• SUPPLIED MATERIAL:

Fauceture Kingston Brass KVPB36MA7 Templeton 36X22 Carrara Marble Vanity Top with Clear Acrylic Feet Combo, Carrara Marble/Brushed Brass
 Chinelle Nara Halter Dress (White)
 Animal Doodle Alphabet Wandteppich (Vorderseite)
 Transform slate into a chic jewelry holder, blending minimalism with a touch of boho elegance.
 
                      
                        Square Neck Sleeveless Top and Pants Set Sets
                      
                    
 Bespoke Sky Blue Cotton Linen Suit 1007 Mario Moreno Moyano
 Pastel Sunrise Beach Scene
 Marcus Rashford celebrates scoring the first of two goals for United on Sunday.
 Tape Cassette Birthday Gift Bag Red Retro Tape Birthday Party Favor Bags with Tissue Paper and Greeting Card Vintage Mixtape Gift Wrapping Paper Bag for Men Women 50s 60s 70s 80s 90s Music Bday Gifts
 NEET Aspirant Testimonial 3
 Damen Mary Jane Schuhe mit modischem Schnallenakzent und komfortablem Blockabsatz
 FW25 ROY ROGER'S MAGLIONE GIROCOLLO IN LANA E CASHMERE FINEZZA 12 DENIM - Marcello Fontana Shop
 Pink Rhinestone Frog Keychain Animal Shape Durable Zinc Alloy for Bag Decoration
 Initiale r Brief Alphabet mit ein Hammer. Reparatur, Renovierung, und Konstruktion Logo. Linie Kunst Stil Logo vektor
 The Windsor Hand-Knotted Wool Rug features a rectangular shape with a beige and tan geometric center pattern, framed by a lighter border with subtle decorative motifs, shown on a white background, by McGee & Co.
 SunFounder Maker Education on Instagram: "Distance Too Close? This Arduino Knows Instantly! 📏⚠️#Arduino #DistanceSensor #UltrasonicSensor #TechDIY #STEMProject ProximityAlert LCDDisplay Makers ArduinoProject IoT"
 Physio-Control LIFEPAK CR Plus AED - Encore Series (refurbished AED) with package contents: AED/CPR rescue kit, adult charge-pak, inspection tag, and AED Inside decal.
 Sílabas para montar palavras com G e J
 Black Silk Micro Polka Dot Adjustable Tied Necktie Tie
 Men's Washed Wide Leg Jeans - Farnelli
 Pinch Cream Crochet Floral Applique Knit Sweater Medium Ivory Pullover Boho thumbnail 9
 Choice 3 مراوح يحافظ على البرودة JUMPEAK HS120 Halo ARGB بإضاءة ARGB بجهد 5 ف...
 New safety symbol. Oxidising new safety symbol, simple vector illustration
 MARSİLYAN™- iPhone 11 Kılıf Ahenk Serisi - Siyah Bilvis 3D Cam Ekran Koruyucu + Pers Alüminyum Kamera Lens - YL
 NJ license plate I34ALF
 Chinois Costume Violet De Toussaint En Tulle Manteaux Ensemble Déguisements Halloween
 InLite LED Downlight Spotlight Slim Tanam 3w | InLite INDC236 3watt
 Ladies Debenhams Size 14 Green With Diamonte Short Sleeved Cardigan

• EXERCISE GOAL: Could you copy out the data in full, exactly as it is written?

• YOUR RESPONSE:
Fauceture Kingston Brass KVPB36MA7 Templeton 36X22 Carrara Marble Vanity Top with Clear Acrylic Feet Combo, Carrara Marble/Brushed Brass
 Chinelle Nara Halter Dress (White)
 Animal Doodle Alphabet Wandteppich (Vorderseite)
 Transform slate into a chic jewelry holder, blending minimalism with a touch of boho elegance.
 
                      
                        Square Neck Sleeveless Top and Pants Set Sets
                      
                    
 Bespoke Sky Blue Cotton Linen Suit 1007 Mario Moreno Moyano
 Pastel Sunrise Beach Scene
 Marcus Rashford celebrates scoring the first of two goals for United on Sunday.
 Tape Cassette Birthday Gift Bag Red Retro Tape Birthday Party Favor Bags with Tissue Paper and Greeting Card Vintage Mixtape Gift Wrapping Paper Bag for Men Women 50s 60s 70s 80s 90s Music Bday Gifts
 NEET Aspirant Testimonial 3
 Damen Mary Jane Schuhe mit modischem Schnallenakzent und komfortablem Blockabsatz
 FW25 ROY ROGER'S MAGLIONE GIROCOLLO IN LANA E CASHMERE FINEZZA 12 DENIM - Marcello Fontana Shop
 Pink Rhinestone Frog Keychain Animal Shape Durable Zinc Alloy for Bag Decoration
 Initiale r Brief Alphabet mit ein Hammer. Reparatur, Renovierung, und Konstruktion Logo. Linie Kunst Stil Logo vektor
 The Windsor Hand-Knotted Wool Rug features a rectangular shape with a beige and tan geometric center pattern, framed by a lighter border with subtle decorative motifs, shown on a white background, by McGee & Co.
 SunFounder Maker Education on Instagram: "Distance Too Close? This Arduino Knows Instantly! 📏⚠️#Arduino #DistanceSensor #UltrasonicSensor #TechDIY #STEMProject ProximityAlert LCDDisplay Makers ArduinoProject IoT"
 Physio-Control LIFEPAK CR Plus AED - Encore Series (refurbished AED) with package contents: AED/CPR rescue kit, adult charge-pak, inspection tag, and AED Inside decal.
 Sílabas para montar palavras com G e J
 Black Silk Micro Polka Dot Adjustable Tied Necktie Tie
 Men's Washed Wide Leg Jeans - Farnelli
 Pinch Cream Crochet Floral Applique Knit Sweater Medium Ivory Pullover Boho thumbnail 9
 Choice 3 مراوح يحافظ على البرودة JUMPEAK HS120 Halo ARGB بإضاءة ARGB بجهد 5 ف...
 New safety symbol. Oxidising new safety symbol, simple vector illustration
 MARSİLYAN™- iPhone 11 Kılıf Ahenk Serisi - Siyah Bilvis 3D Cam Ekran Koruyucu + Pers Alüminyum Kamera Lens - YL
 NJ license plate I34ALF
 Chinois Costume Violet De Toussaint En Tulle Manteaux Ensemble Déguisements Halloween
 InLite LED Downlight Spotlight Slim Tanam 3w | InLite INDC236 3watt
 Ladies Debenhams Size 14 Green With Diamonte Short Sleeved Cardigan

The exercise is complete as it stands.